Notice that the entropy-balanced control means exactly equal the treated means — this is guaranteed by the construction. The cost is that the weights can be quite variable when the covariate distributions differ sharply (poor overlap).

The ATT estimate uses these weights on the control outcomes:

Yt = df.Y[df.D .== 1]
Yc = df.Y[df.D .== 0]

# ATT = mean(Y_treated) - weighted mean(Y_control)
att_ebal = mean(Yt) - dot(w_ebal, Yc)
@printf("Entropy-balanced ATT: %.3f  (true ATE = 1.000)\n", att_ebal)

Entropy balancing is particularly effective when balance on covariate means is the analyst’s primary diagnostic.

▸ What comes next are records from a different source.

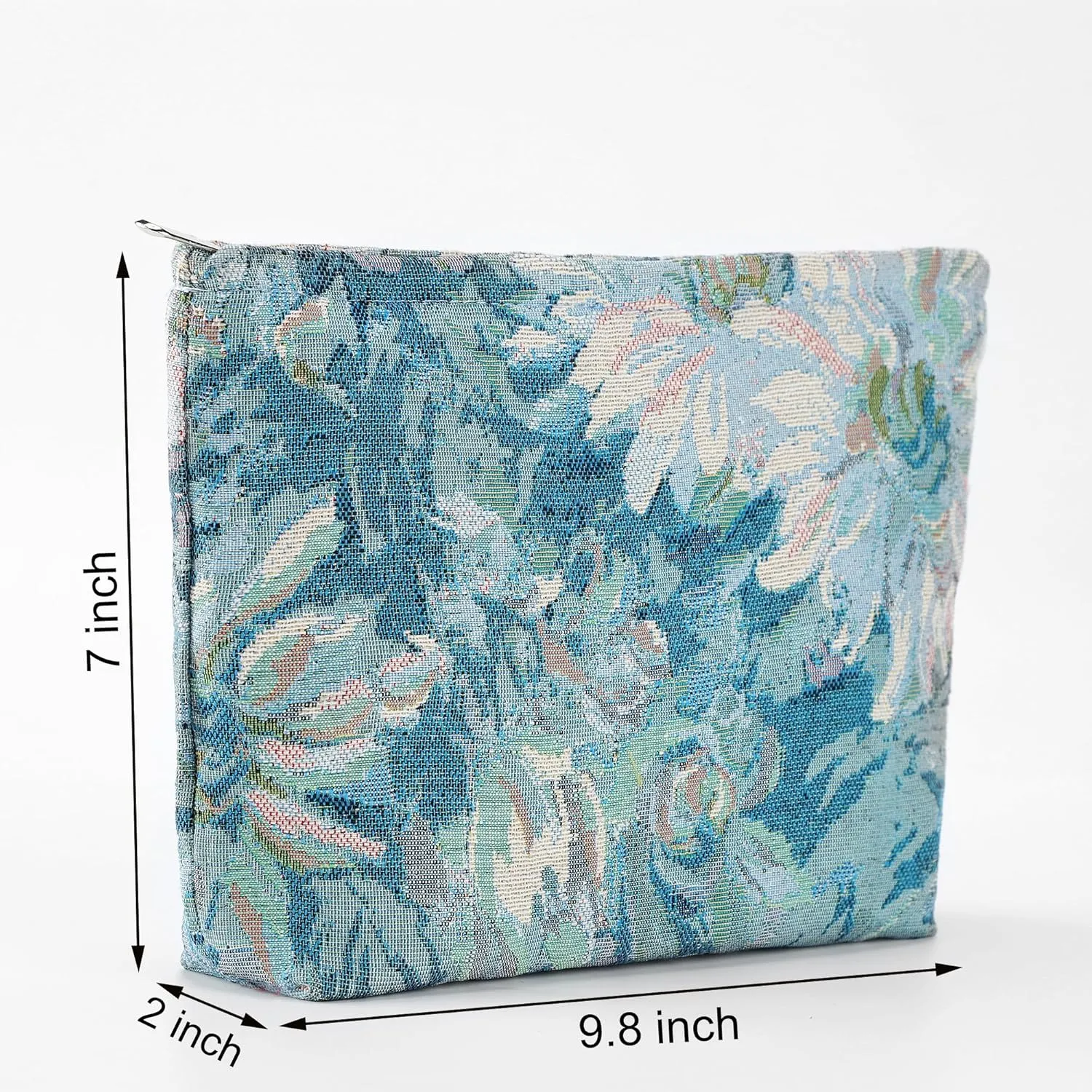 Large Makeup Bag for Women Floral Canvas Cosmetic Bag Spacious and Cute Pencil Pouch Travel Beauty Tolietry Bag Blue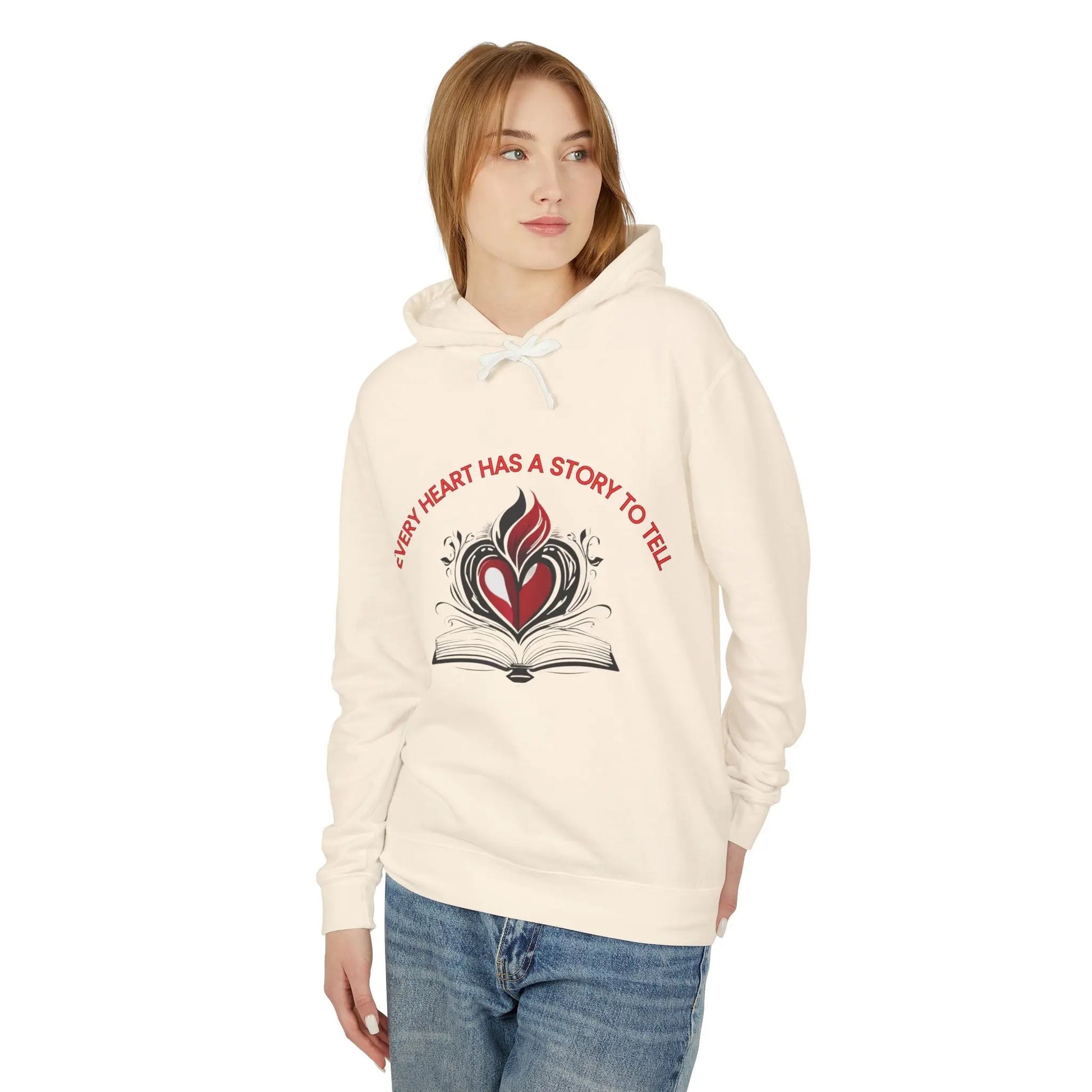 Heartfelt Story Hoodie: Unisex Lightweight Sweatshirt, Gift for Book Lovers, Cozy Layer, Thoughtful Keepsake, Valentine’s Day, [...] shopname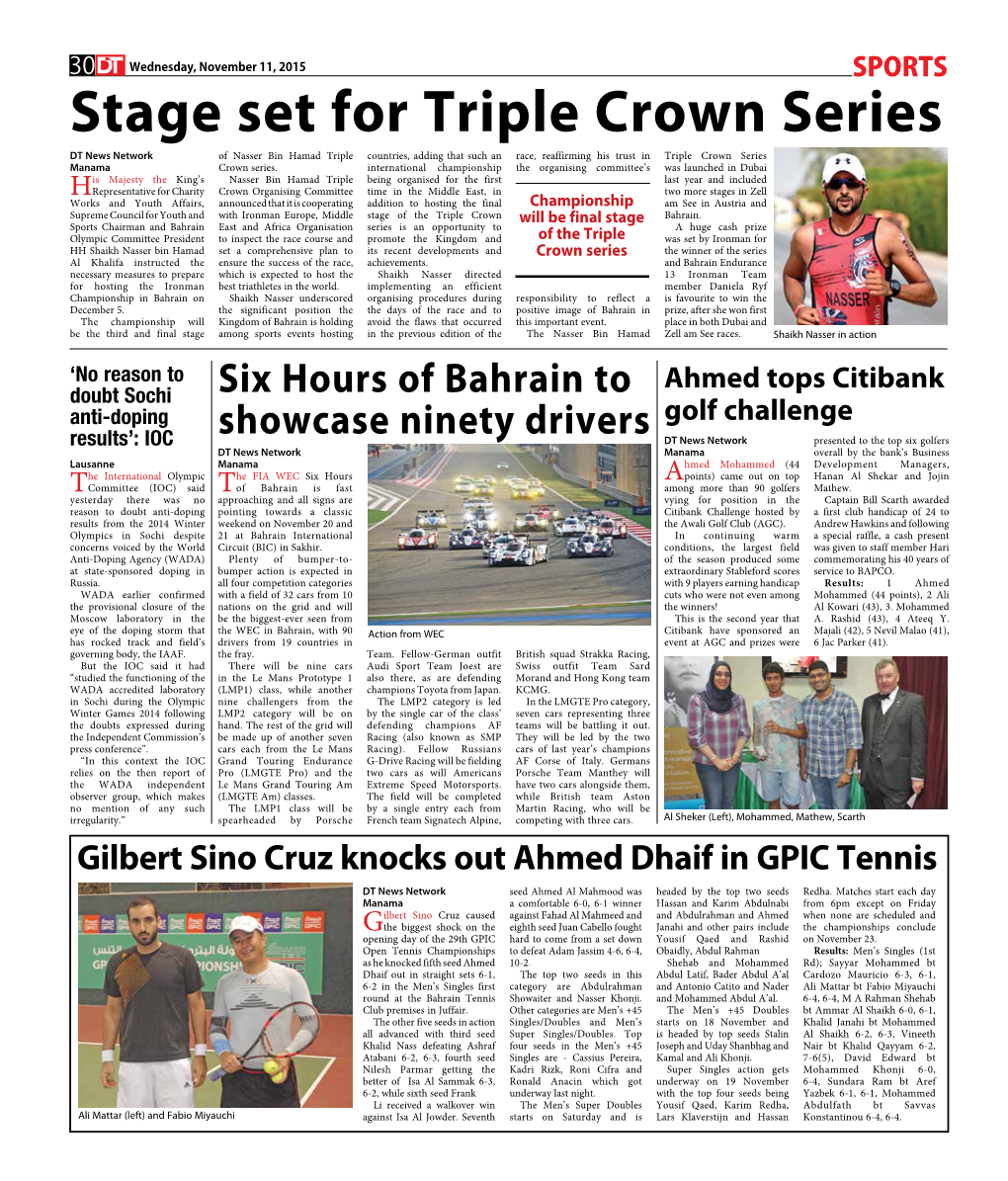 Stage Set for Triple Crown Series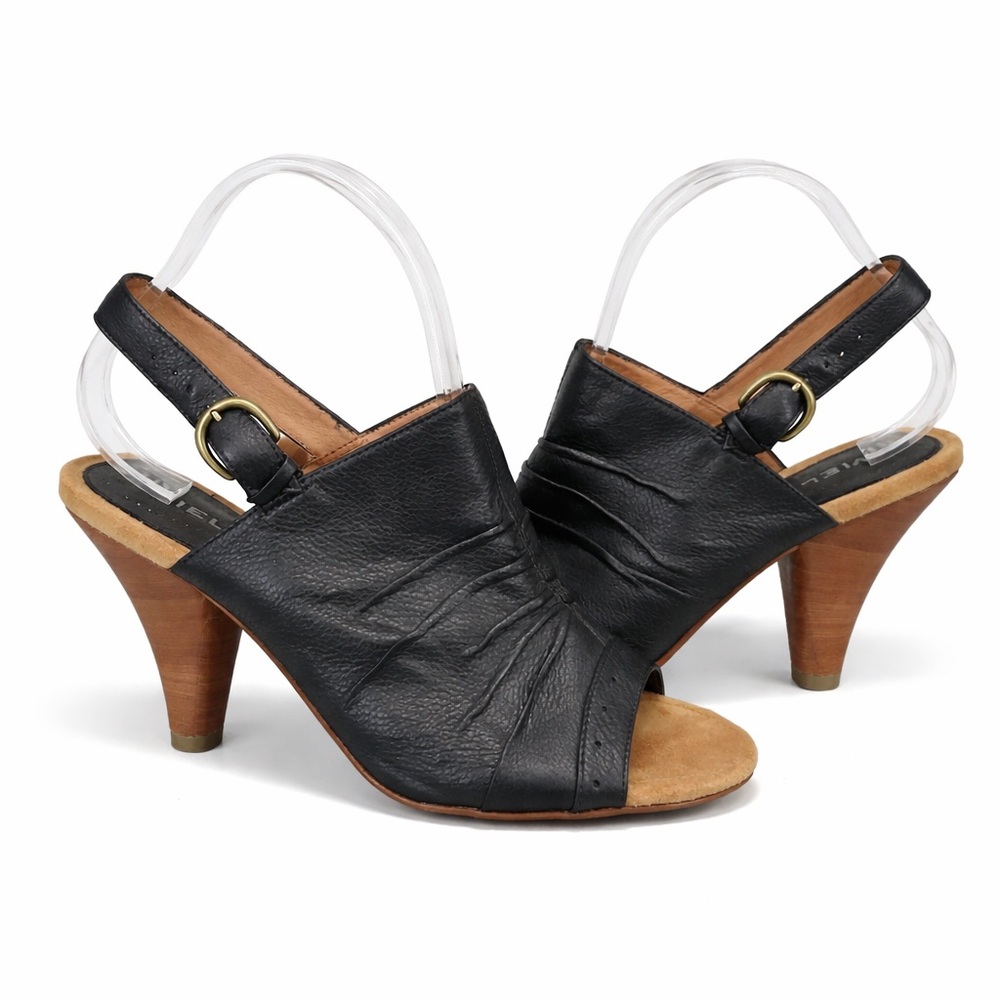 BIVIEL ANTHROPOLOGIE Women’s Black Leather Slingback Ruched Open Toe Cone Heels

For balance on full covariate distributions, R’s WeightIt package also implements energy balancing (Huling & Mak 2024); no Julia port currently exists.

7.10 When to use which method

Method When to use Limitation
NN matching (no replacement) Simple, intuitive; ATT estimand Drops unmatched units
NN matching (with replacement) Few treated, many controls Wasteful of controls
IPW Good propensity model Sensitive to extreme weights
Entropy balancing Want exact mean balance; small covariate set Balances means only, not distributions
Doubly robust (AIPW) Combine matching/IPW with regression More complex

For applied work in Julia, IPW + AIPW is usually the more practical default than 1:1 matching, because Julia’s regression and weighting infrastructure (GLM, Panelest) is mature whereas matching algorithms are not. For matched analyses, the R ecosystem (MatchIt, cobalt) is the workhorse — the companion R chapter walks through full matching, CEM, and balance diagnostics in detail.

7.11 Summary

  • Matching restricts comparisons to similar treated–control pairs, approximating a randomised experiment.
  • Propensity score nearest-neighbour matching is the simplest form and implementable in a few lines of Julia.
  • Balance diagnostics (standardised mean differences) verify the matching’s success.
  • Estimation: paired-difference SE on the matched data; regression adjustment on the matched sample (an even better default).
  • For richer matching (optimal, full, CEM) and mature balance tooling, use R’s MatchIt/cobalt ecosystem.